MySQL Inner Architecture

Rajput Gaurav Singh
8 min readJul 26, 2023

MySQL is world’s most popular open source database software.It is RDBMS(Relational Database Management System). It run a server, provide multi-user access to multiple database.

It is fast, scalable, and simple to use. MySQL is compatible with a variety of operating systems, including Windows, Linux, and macOS. MySQL is a Structured Query Language (SQL) that allows you to manipulate, manage, and extract data using various Queries. It is supported by Oracle Company.

Client/Server Model

MySQL is based on Client/Server architecture where server is central program that manages database content and client programs/utilities connect to server to retrieve or modify data.It also includes non-client utility program and scripts.

Client-Server Architecture of MySQL

With the support of the Client Layer, the Client sends request instructions to the Serve. The client submits a request using valid MYSQL commands and expressions via Command Prompt or GUI screen.

General RDBMS Architecture

It is viewed as Gartan and shaw layered Architecture at the highest level of abstraction.

It has 3 main components :-

  1. Application Layer
  2. Logical Layer
  3. Physical Layer

Application Layer: Users and Clients interact with MySQL in this layer.It consists of 3 components:-

  1. Administrator Utilities/Program : Administrators use various administrative interface and utilities like mysqladmin which performs tasks like shutting down the server and creating or dropping databases, mysqldump for backing up the database or copying databases to another server.

2. Client : Clients communicate with MySQL through various interfaces and utilities like MySQL API’s. The MySQL API sends the query to the server as a series of tokens.

3. Query User : The query users interact with MySQL RDBMS through a query interface that is MySQL.

Logical Layer: The logical layer of MySQL architecture is divided into various subsystems.

  1. Query Processor.

2. Transaction Management.

3. Recovery Management.

4. Storage Management.

These subsystems worked together to processed the requests issued to the MySQL database Server.

Logical Layer

MySQL’s Logical Architecture

MySQL is very different from other database servers, and its architectural characteristics make it useful for a wide range of purposes. MySQL is not perfect, but it is flexible enough to work well in very demanding environments, such as web applications, data warehouses, content indexing, highly available redundant systems, online transaction processing (OLTP), and much more.

Execution Path of the Query.

What happens when you send MySQL a query?

  1. The client sends the SQL statement to the server.
  2. The server checks the query cache. If there’s a hit, it returns the stored result from the cache; otherwise, it passes the SQL statement to the next step.
  3. The server parses, preprocesses, and optimizes the SQL into a query execution plan.
  4. The query execution engine executes the plan by making calls to the storage engine API.

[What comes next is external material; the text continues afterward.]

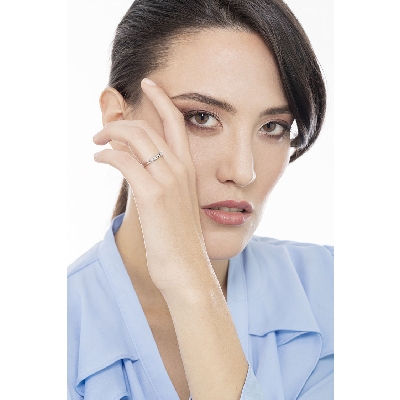 Anello Veretta a 9 pietre in Oro bianco 18k con Diamanti ct. 0,25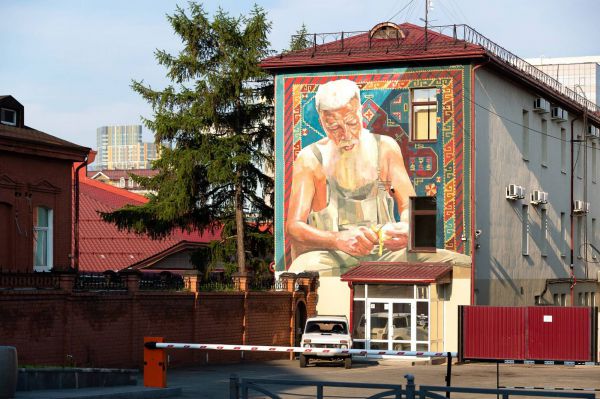 Сербский художник украсил ковром стену в Екатеринбурге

The following are the different sub-components of the MYSQL server:

  1. Thread Handling: When a client sends a request to the server, the server accepts it and connects the client. When a client connects to the server at that time, the link is given its own thread. The thread management of the Server Layer provides this thread. The Thread Handling module also takes care of client-side queries that are run by the thread.

2. Parser and Preprocessor: MySQL server needs to understand what the query is trying to do. Is it trying to read some data, update data, or delete data?

Once a query is received, it first needs to to be parsed, which involves translating it from what is essentially a textual format into a combination of internal binary structures that can be easily manipulated by the optimizer.After the data is accessible in smaller components, the parser performs Syntax and Semantics analysis and then generates a parse tree as an output.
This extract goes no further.